#### Goal of the exercise:
Transcribe every entry that follows, word for word, and omit the images.

+++ Provided data

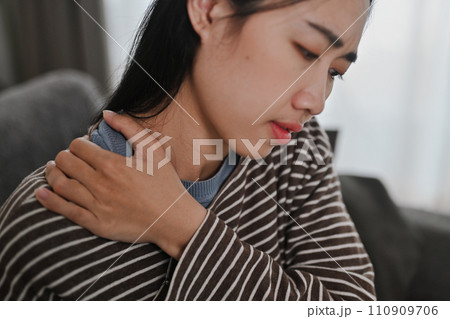 Upset young woman touching neck, suffering from pain and strain. Healthcare and problem concept Upset young woman touching neck, suffering from pain and strain. Healthcare and problem concept 110909706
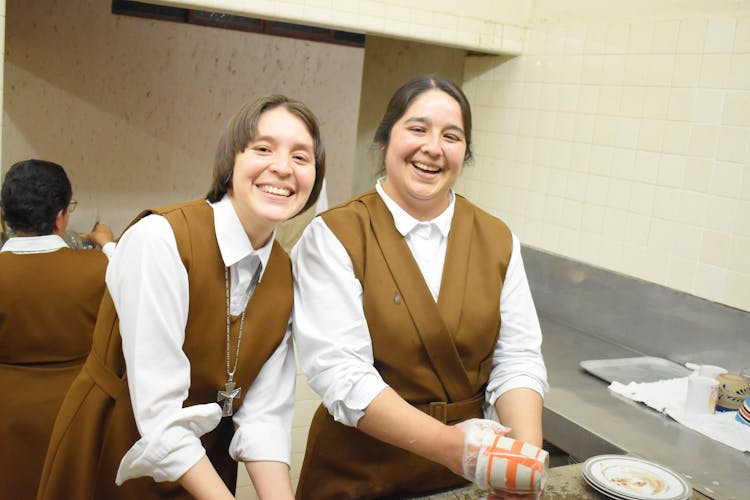 Women Smiling While Washing Dishes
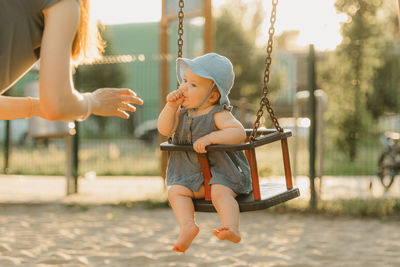 Portrait of young woman sitting on swing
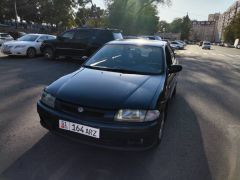 Photo of the vehicle Mazda 323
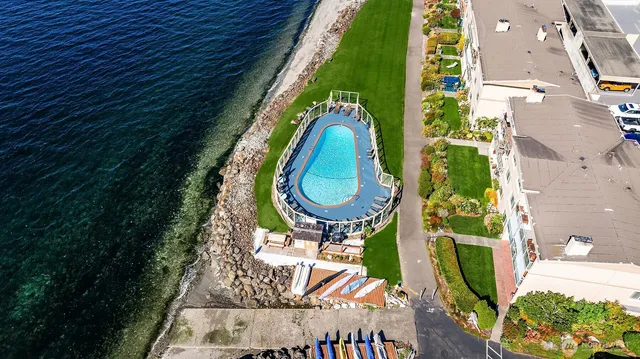 a view of swimming pool from a balcony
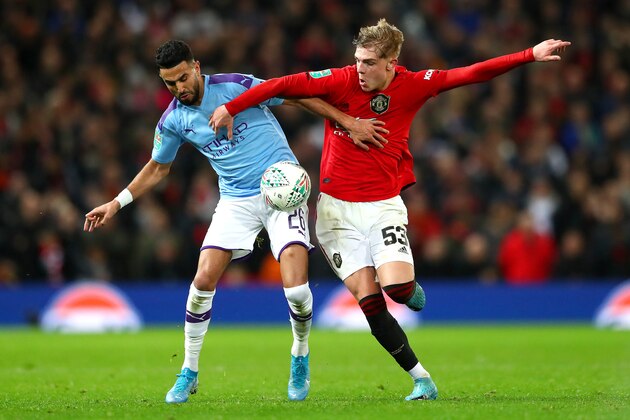 MANCHESTER, ENGLAND - JANUARY 07: Riyad Mahrez of Manchester City is challenged by Brandon Williams of Manchester United during the Carabao Cup Semi Final match between Manchester United and Manchester City at Old Trafford on January 07, 2020 in Manchester, England. (Photo by Michael Steele/Getty Images)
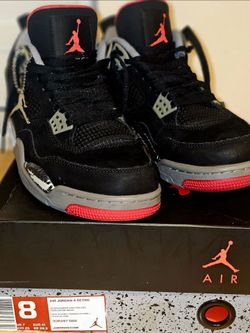 Used Air Jordan Retro 4s size 8 with damages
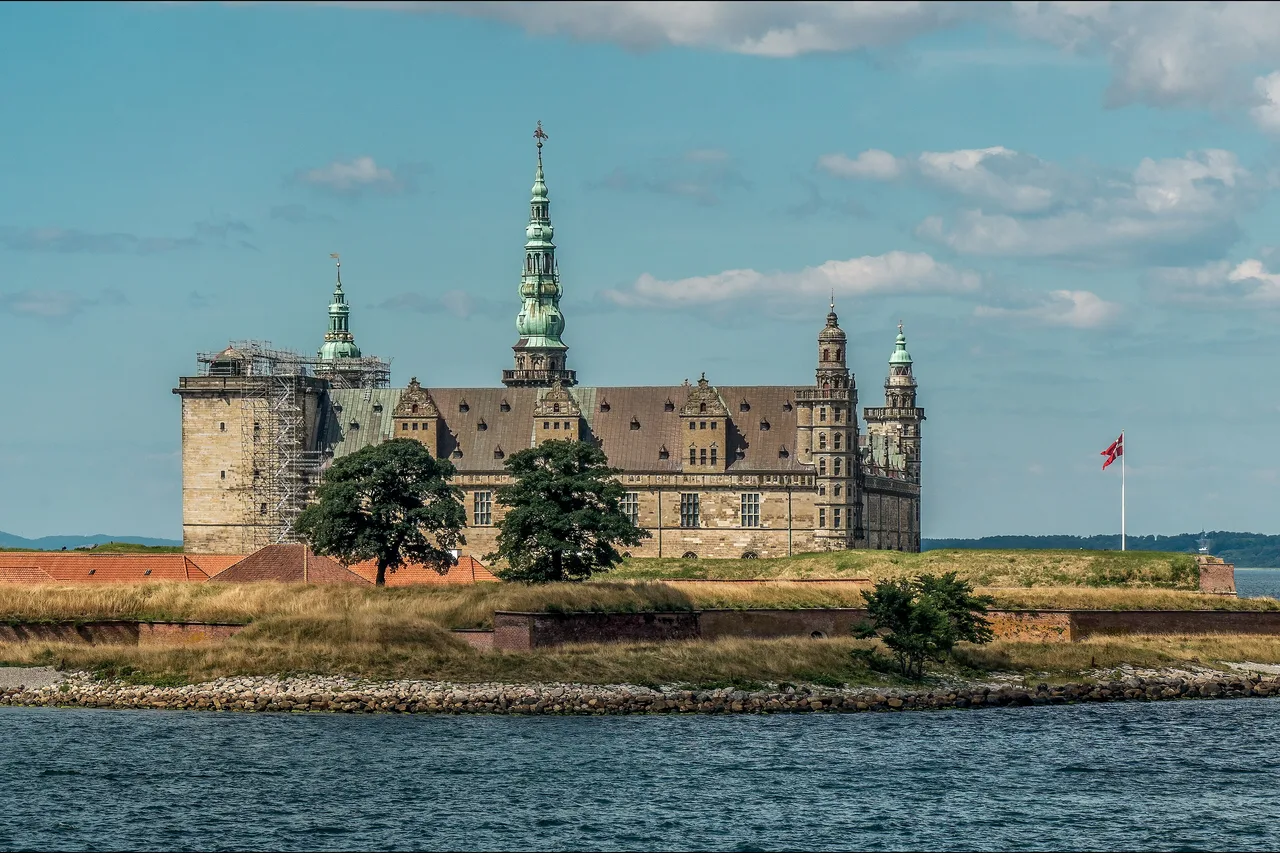 Kronborg Castle, with green copper spires and red brick ramparts, seen across the water of the Øresund strait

++++++

#### Task answer:
 Upset young woman touching neck, suffering from pain and strain. Healthcare and problem concept Upset young woman touching neck, suffering from pain and strain. Healthcare and problem concept 110909706
 Women Smiling While Washing Dishes
 Portrait of young woman sitting on swing
 Photo of the vehicle Mazda 323
 a view of swimming pool from a balcony
 MANCHESTER, ENGLAND - JANUARY 07: Riyad Mahrez of Manchester City is challenged by Brandon Williams of Manchester United during the Carabao Cup Semi Final match between Manchester United and Manchester City at Old Trafford on January 07, 2020 in Manchester, England. (Photo by Michael Steele/Getty Images)
 Used Air Jordan Retro 4s size 8 with damages
 Kronborg Castle, with green copper spires and red brick ramparts, seen across the water of the Øresund strait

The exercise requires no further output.